What is needed is an exact repetition of the lines below, from the first one through the one holding "LOUIS VUITTON Borsa", with no pictures and nothing else.

Pictures with short captions:
* * * * *
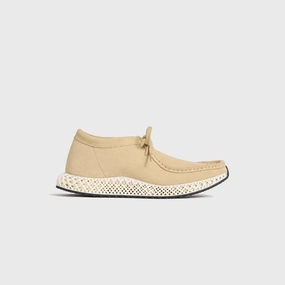 Sleek Construction The 8th St Wallabee by Ronnie Fieg for adidas Originals & Clarks Originals 4D - Maple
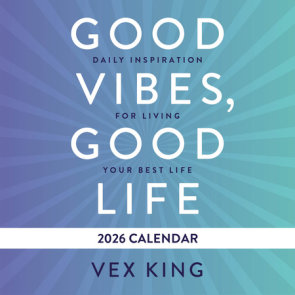 Good Vibes, Good Life Calendar 2026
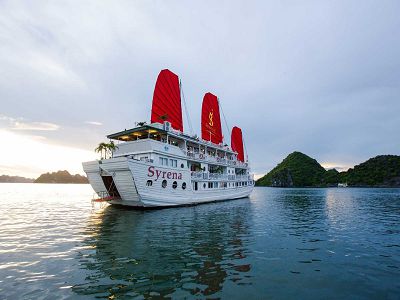 北越海上Villa瑟琳娜號.摩天輪.三遊船五日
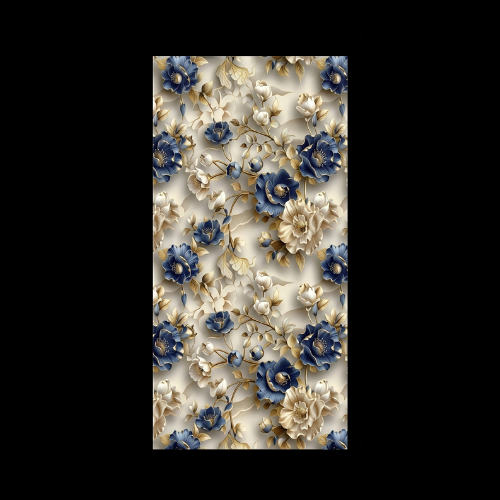 [242] Self-Adhesive Tile Baroque 1'x2'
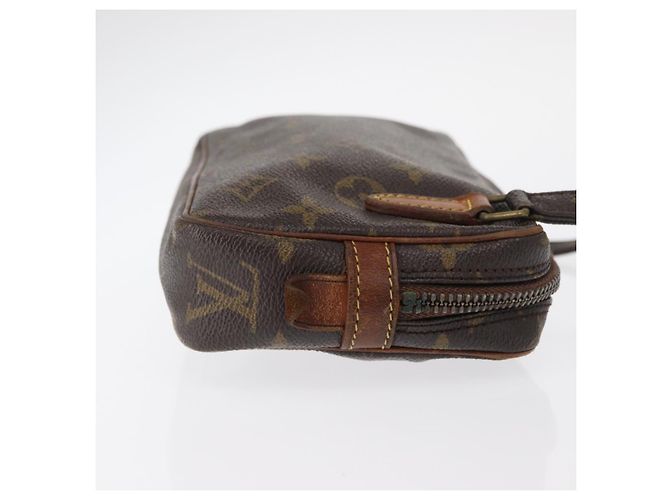 LOUIS VUITTON Borsa a Spalla Monogram Marly Bandouliere M51828 LV Auth 155526 Monogramma - vista 3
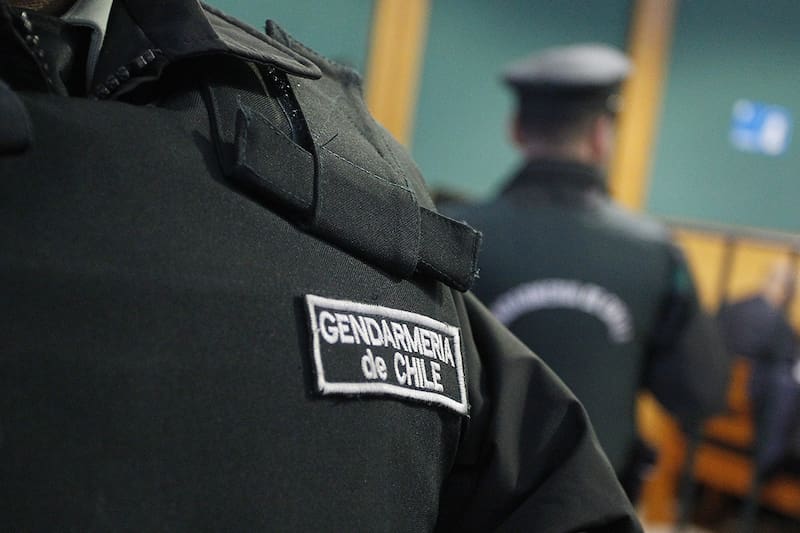 Conoce los trabajos ofrecidos por Gendarmería de Chile. Créditos: ATON.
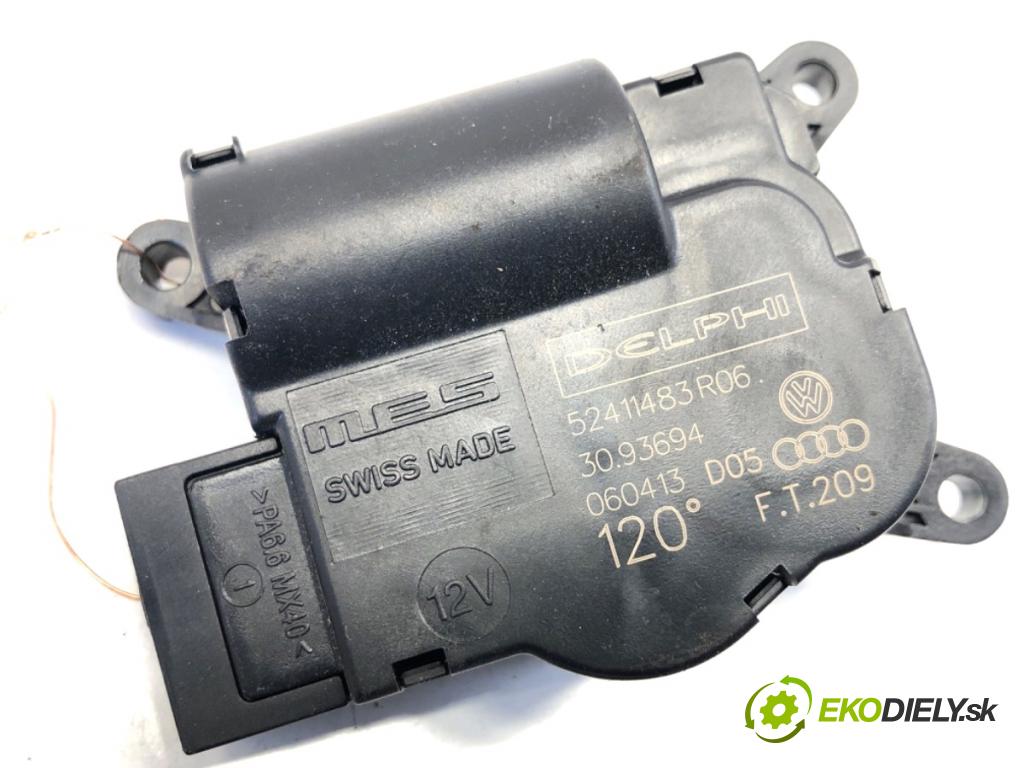 VW SHARAN nadwozie wielkoprzestrzenne (MPV) 2013 130 kW 2.0 TDI 1968 motor topení 52411483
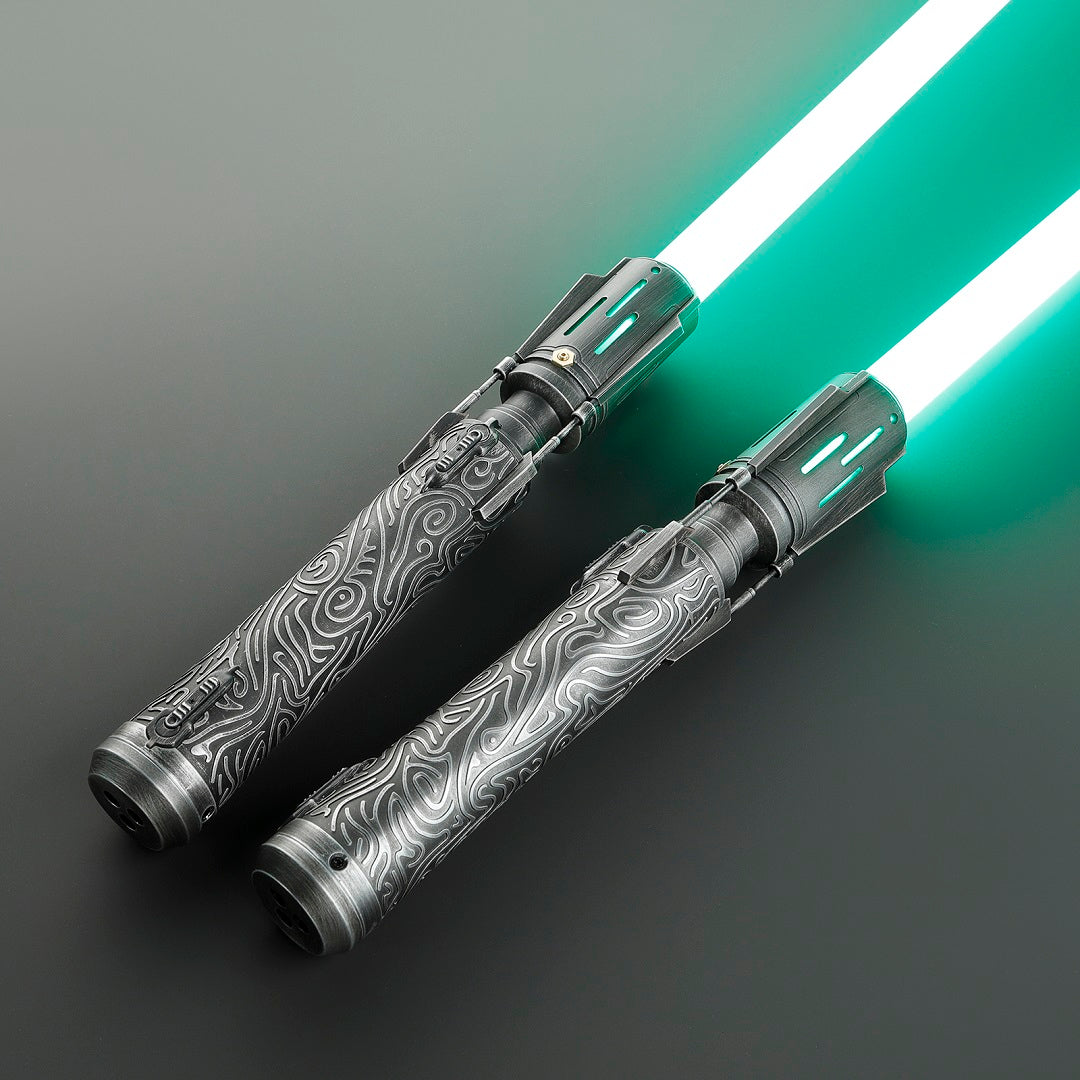 Satele Shan Lightsaber Doble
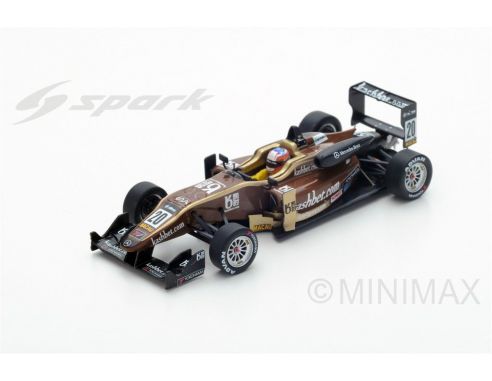 Spark Model S43MF14 DALLARA F312 MERCEDES F.ROSENQVIST 2014 N.20 WINNER MACAU GP 1:43 Modellino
* * * * *
RESPONSE BELOW —
 Sleek Construction The 8th St Wallabee by Ronnie Fieg for adidas Originals & Clarks Originals 4D - Maple
 Good Vibes, Good Life Calendar 2026
 北越海上Villa瑟琳娜號.摩天輪.三遊船五日
 [242] Self-Adhesive Tile Baroque 1'x2'
 LOUIS VUITTON Borsa a Spalla Monogram Marly Bandouliere M51828 LV Auth 155526 Monogramma - vista 3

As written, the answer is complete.